Kemudian, apa yang harus kita lakukan ketika melihat kasus seperti di atas di sekitar kita sebagai orang yang lebih dewasa baik secara umur maupun psikisnya?

Misalnya seorang anak yang kita kenal terlihat meminta tas baru karena ada gambar karakter kesukaannya hal pertama yang kita lakukan ketika melihat hal tersebut adalah mengingatkan bahwa mereka tidak membutuhkan barang tersebut. Kedua kita harus memberi tahu bahwa apa yang dia lakukan barusan tidaklah baik karena termasuk sebagai sifat konsumtif.

Lalu, misalnya ada seorang anak yang kita kenal lebih senang memainkan games di gadget atau lebih suka menghabiskan waktu dengan terlalu banyak mewarnai buku gambar karakter kesukaannya atau terlalu sibuk sendiri menonton kartun kesukaannya, ingatkan bahwa selama hidup mereka tidak akan menghabiskan waktu dengan para karakter tersebut. Ingatkan bahwa ada keluarga atau teman secara nyata yang mereka miliki.

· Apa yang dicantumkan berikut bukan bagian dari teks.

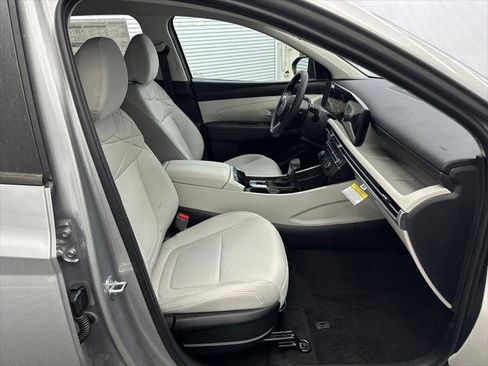 New 2026 Hyundai Tucson SE FWD image 13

Atau mungkin jika pada kasus lain seperti anak tetangga saya di atas yang salah memahami suara “meong~” sebagai suara siput, beri tahu mereka bahwa apa yang mereka katakana adalah salah. Beri tahu bahwa walaupun dia menyukai suatu karakter, apa yang mereka katakana belum tentu semuanya benar dan dapat dipercaya.

Terakhir beritahu mereka bahwa menyukai Sesutu secara berlebihan tidaklah baik, karena biasanya kita akan tidak memerhatikan sekitar karena terlalu sibuk dengan apa yang sangat kita sukai.
Pustaka :

Lievrouw, Leah A. & Sonia Livingstone. 2006. Handbook of New Media : Social Shaping and Social Consequences of ICTs. Sage Publication Ltd.